Deutschland ist das in Europa am stärksten durch Kraftwerksemissionen betroffene Mitgliedsland und trägt zugleich als zweitgrößter Verursacher zu grenzüberschreitender Luftverschmutzung mit entsprechenden Folgen bei. Die Emissionen deutscher Kohlekraftwerke werden dabei mit circa 4.350 Todesfällen assoziiert, sowie etwa 3.470 Krankenhauseinweisungen, 2.020 Fällen chronischer Bronchitis und zahlreichen weiteren gesundheitlichen Auswirkungen.

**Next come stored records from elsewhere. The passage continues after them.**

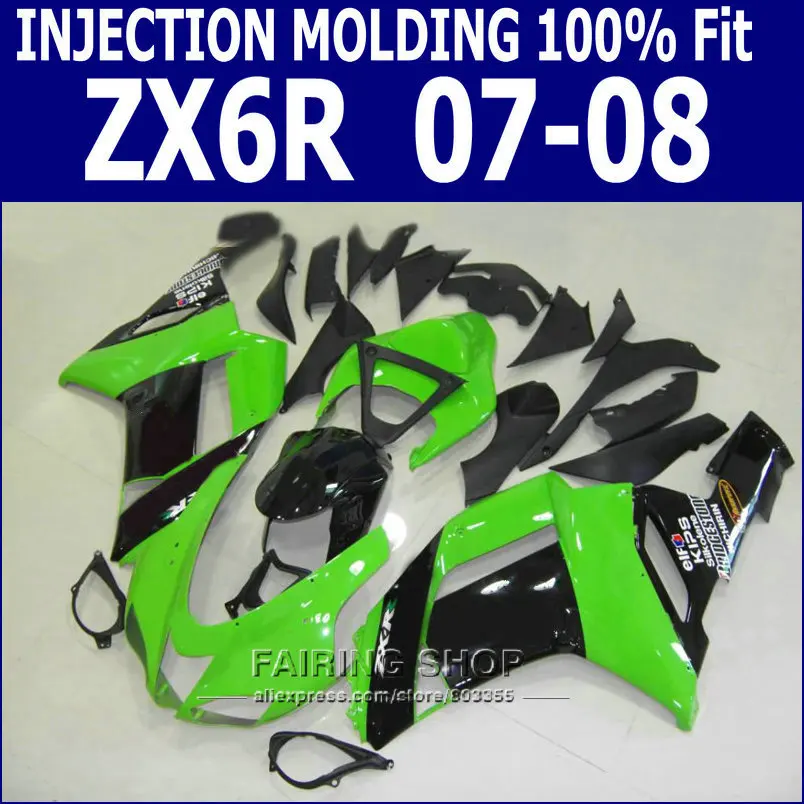 Новинка! zx6r 2007 2008 комплект обтекателей кузова для Kawasaki Ninja 07 08 зеленые Обтекатели (литьевая форма) S28|zx6r 2007|fairing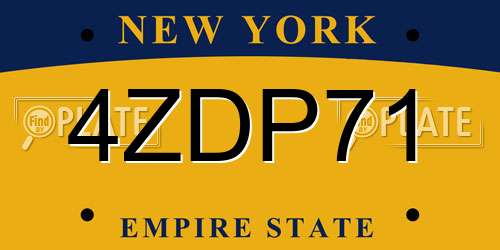 4ZDP71 New York License Plate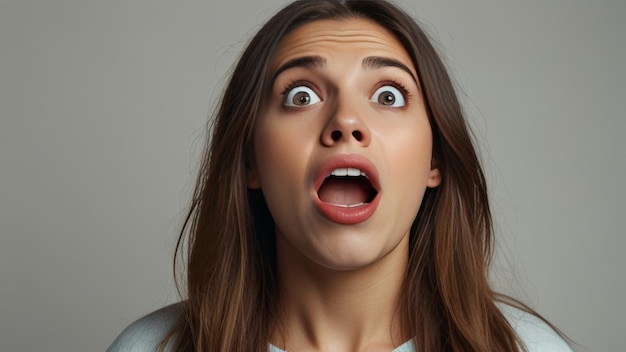 a woman with a surprised expression on her face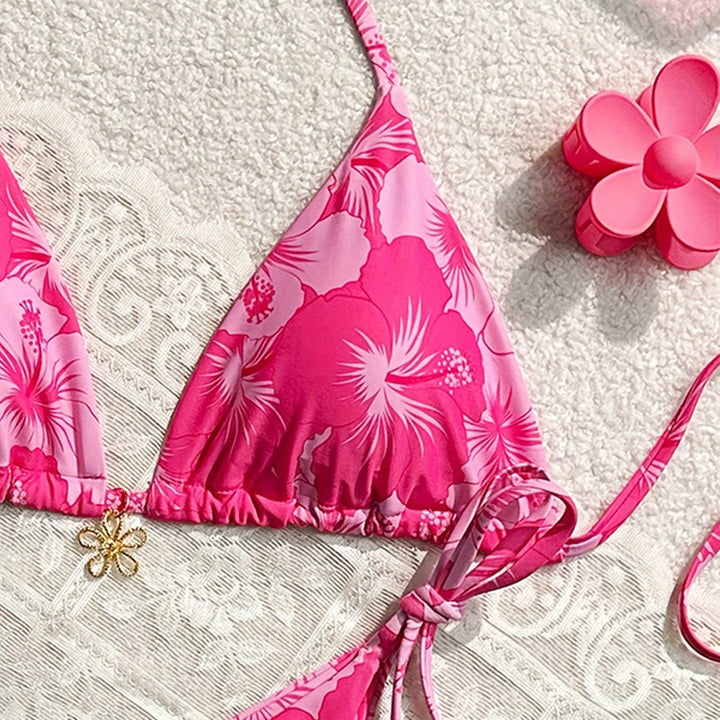 Dame Drømmende Triangel-Bikini med floralt design og legesyge snøring Skovae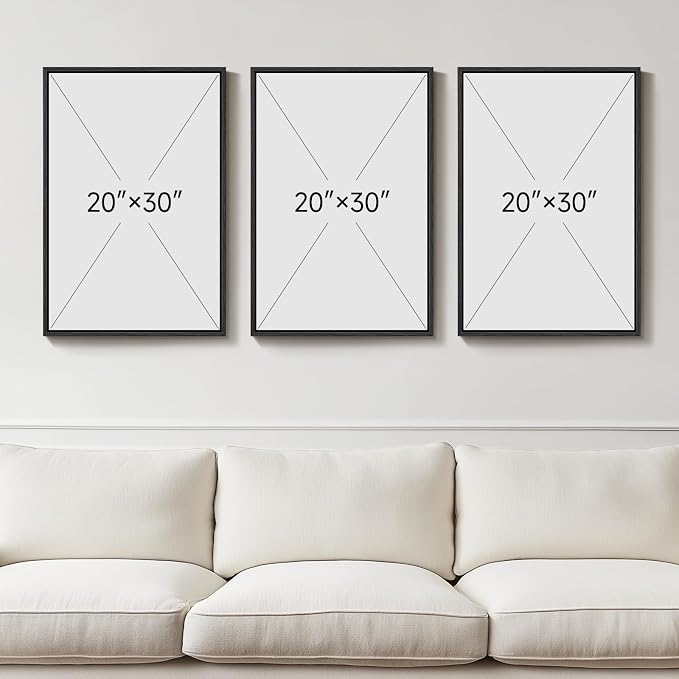 Large 3D Textured Framed Black and White Abstract Wall Art, 3 Piece Modern Wall Paintings Artwork for Walls, Minimalist Black White Geometric Pictures for Living Room, Hallway, Dining Room Wall Decor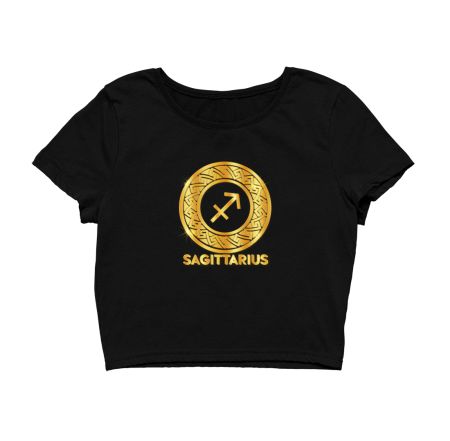 SAGITTARIUS  - Ancient Greek Motif GOLD Crop Top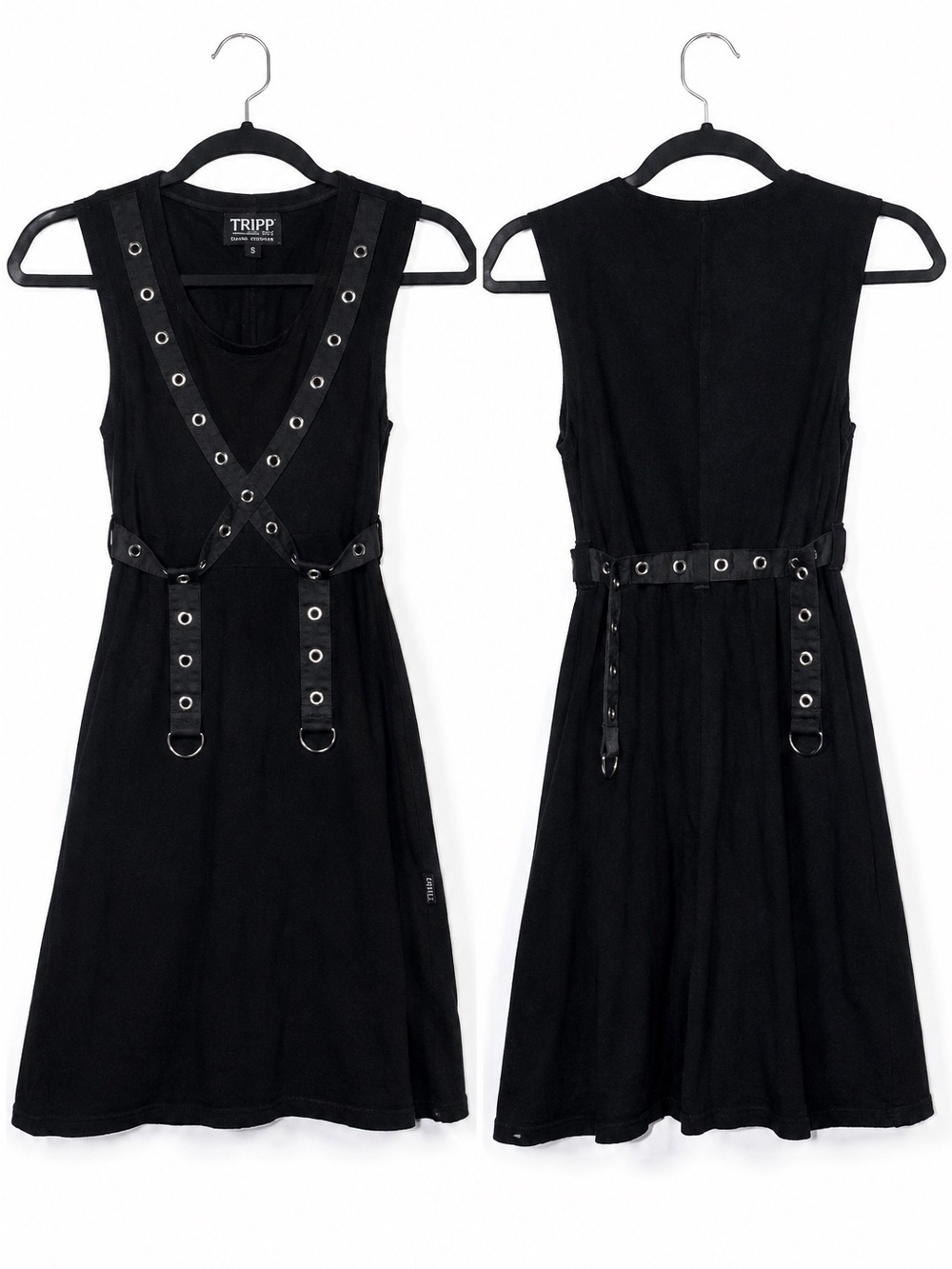 Tripp nyc Black Sleeveless Harness A-Line Dress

Die damit verbundenen volkswirtschaftlichen Kosten wurden auf 6,2 bis 11,9 Milliarden Euro allein für das Jahr 2013 geschätzt. Diese Auswirkungen stehen im Vergleich mit Schätzungen zur Gesamtmortalität durch Feinstaub in Deutschland von ca. 40.000 bis 50.000 Todesfällen pro Jahr.

Schlussfolgerung::

Ein Ausstieg aus der Kohleverstromung wird in Deutschland einen begrenzten positiven Effekt auf die Luftqualität haben und kann dennoch zu beachtlichen Vorteilen für die öffentliche Gesundheit wie auch zu einer Senkung von Gesundheitskosten führen.